Statistics, data science and machine learning form important fields of
research in modern science.  They describe how to learn and make
predictions from data, as well as allowing us to extract important
correlations about physical process and the underlying laws of motion
in large data sets. The latter, big data sets, appear
frequently in essentially all disciplines, from the traditional Science,
Technology, Mathematics and Engineering fields to Life Science, Law, education research, 
the  Humanities and
the Social Sciences. It has become more and more common to see
research projects on big data in for example the Social
Sciences where extracting patterns from complicated survey data is one of many research directions. 
Having a solid grasp of data analysis and machine learning
is thus becoming central to scientific computing in many
fields, and competences and skills within the fields of machine learning
and scientific computing are nowadays strongly requested by many
potential employers. The latter cannot be overstated, familiarity with
machine learning has almost become a prerequisite for many of the most
exciting employment opportunities, whether they are in bioinformatics,
life science, physics or finance, in the private or the public
sector.
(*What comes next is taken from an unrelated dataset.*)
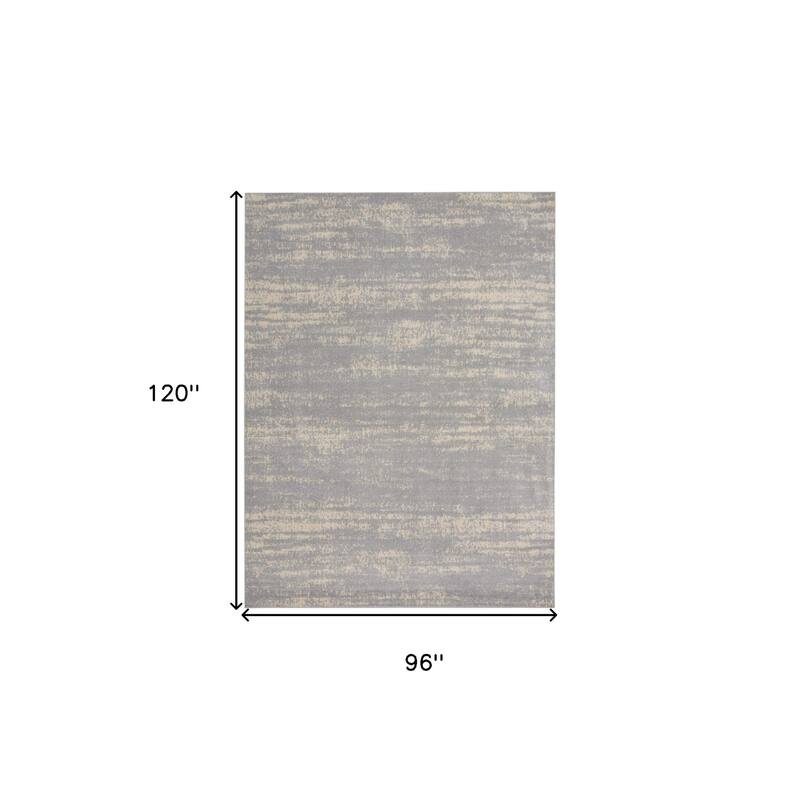 HomeRoots Abstract Contemporary Rectangle Outdoor Rug - 8' X 10'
This author has had several students or met students who have
been hired recently based on their skills and competences in
scientific computing and data science, often with marginal knowledge
of machine learning.

Machine learning is a subfield of computer science, and is closely
related to computational statistics.  It evolved from the study of
pattern recognition in artificial intelligence (AI) research, and has
made contributions to AI tasks like computer vision, natural language
processing and speech recognition. 
Machine learning represents the
science of giving computers the ability to learn without being
explicitly programmed.  The idea is that there exist generic
algorithms which can be used to find patterns in a broad class of data
sets without having to write code specifically for each problem. The
algorithm will build its own logic based on the data.  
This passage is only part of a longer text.